— Не только командиры, но и партийная организация должна оказывать им помощь, товарищ Шаронов. У нас еще нет подчас взаимопонимания между командиром-единоначальником и его заместителем по политчасти. То же происходит и в подразделениях… Горобец не понимает Бурунова. А, по-моему, он сильный политработник. Ведь он-то с делом Миронова разобрался… Случай произошел из-за плохой подготовки расчета минометной батареи полка. Они вели огонь минами, не свинчивая колпачков. И мины рвались на поверхности земли, не делая воронок. С Русачевым спорили чуть ли не до драки. Он запрещал знакомить с минами минометчиков, пока бумажку не получим. Все у него секретно… Вот и досекретничались.
Шаронов недолюбливал Бурунова за самостоятельность в работе и считал его зазнайкой.
— Есть у нас, если хочешь знать, промахи и в твоей работе… О них уже говорят в печати, — добавил Канашов и, достав из планшета свежий номер окружной газеты, молча протянул Шаронову.

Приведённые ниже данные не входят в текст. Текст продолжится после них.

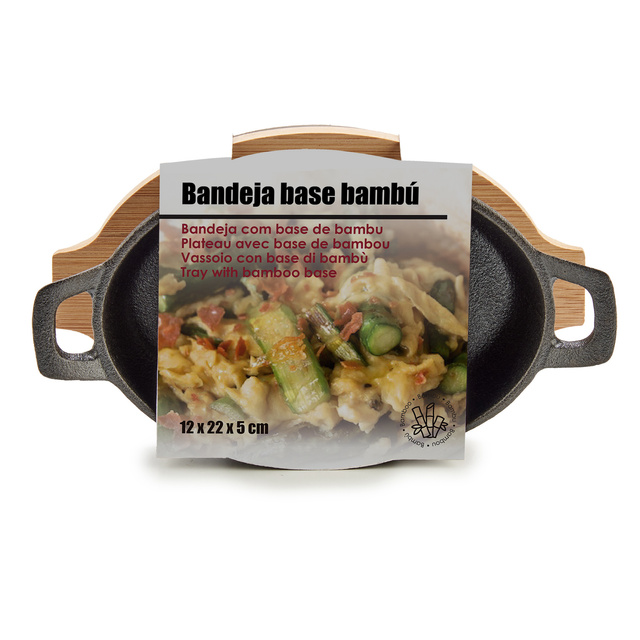 Vas din fontă pe suport de bambus SLATE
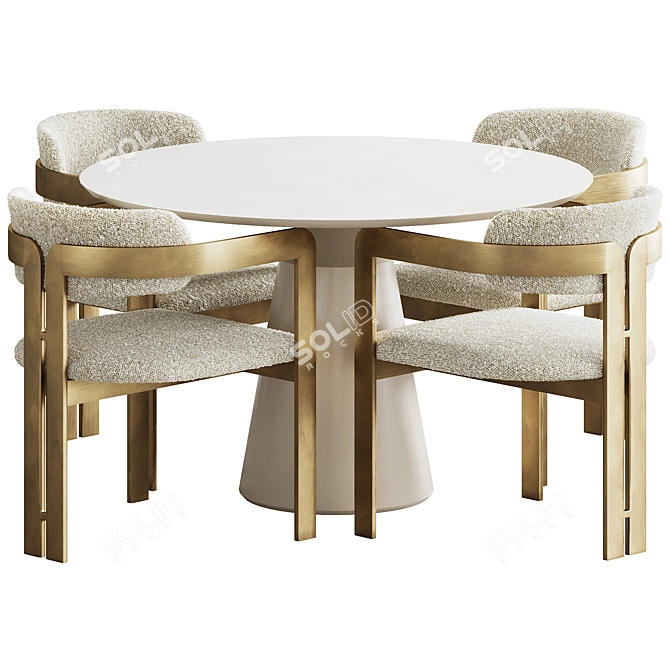 Elegant Donato Dining Set 3D model image 3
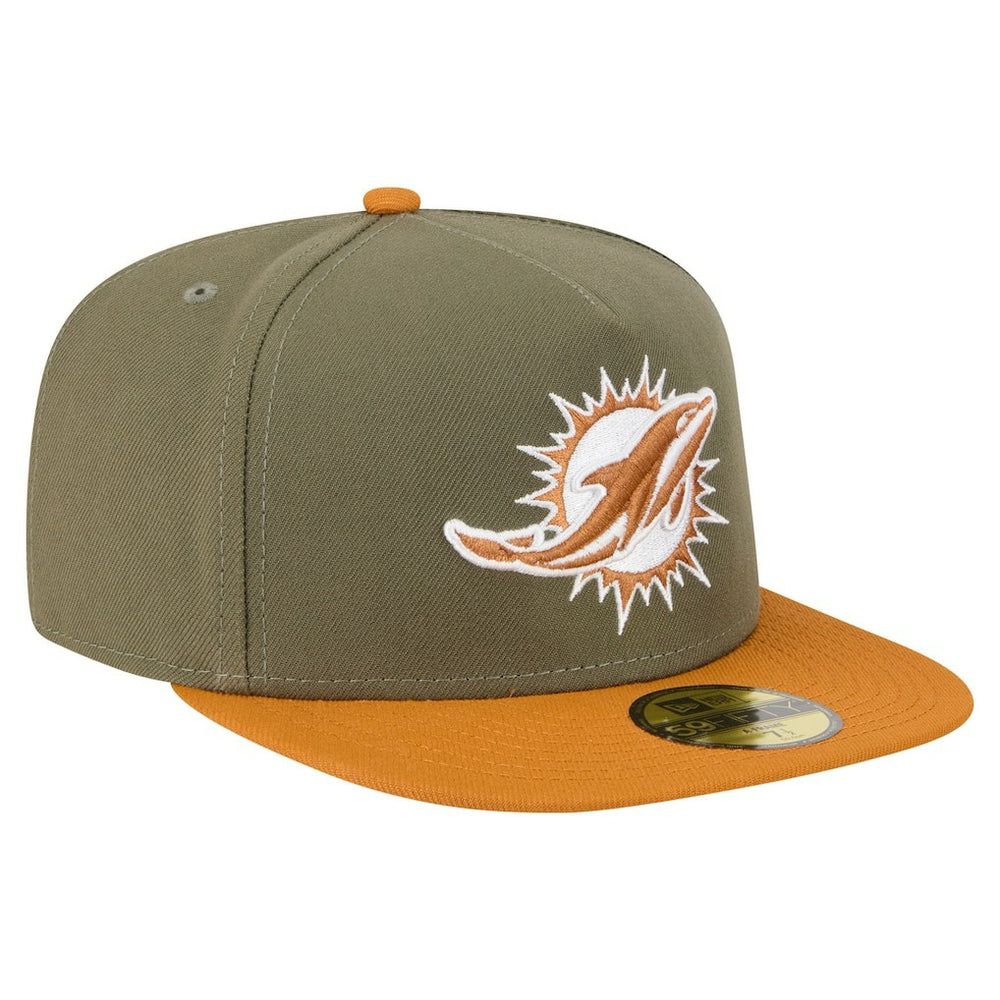 Miami Dolphins New Era Color Pack A-Frame 59FIFTY Fitted Hat Olive/Brown - NFL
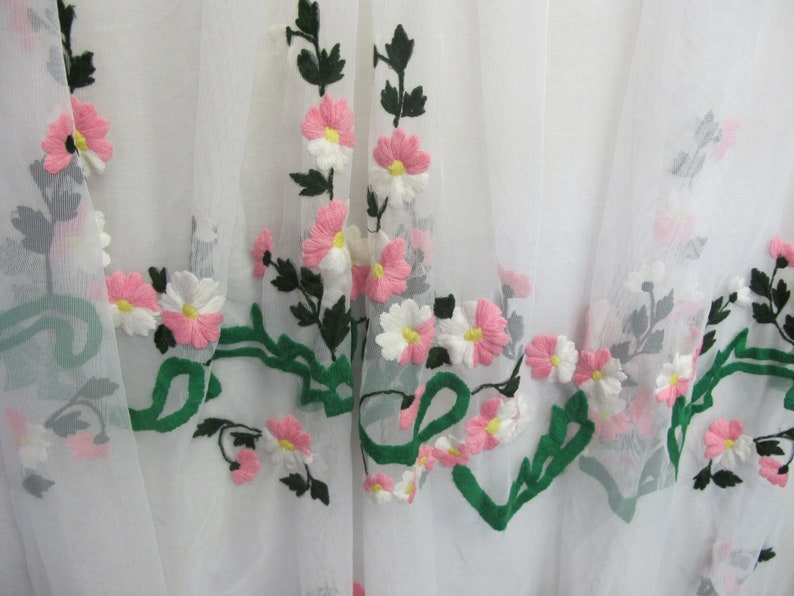 Sheer Lace Curtain Net Curtains Applique Cottage Curtains Etsy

Тот удивленно пробежал глазами начало заметки, подчеркнутой красным карандашом.
«В полку, где заместителем командира полка по политчасти тов. Шаронов, инспекторская поверка показала, что бойцы неплохо разбираются в политических вопросах, в том числе и в вопросах хранения государственной и военной тайны…»
Шаронов прервал чтение и поискал подпись. Автором ее был один из его старых знакомых. Когда-то они вместе служили в одном полку заместителями командиров батальона, по политчасти. В прошлом году этот автор окончил курсы военных журналистов и работал теперь корреспондентом окружной газеты. В этом году он вместе с представителями Политуправления округа приезжал на инспекторскую поверку политических занятий. «Ну, Аркаша Крилецкий всегда меня поддержит», — улыбнулся Шаронов. Но тут же улыбка сбежала с лица, как только он прочитал второй абзац.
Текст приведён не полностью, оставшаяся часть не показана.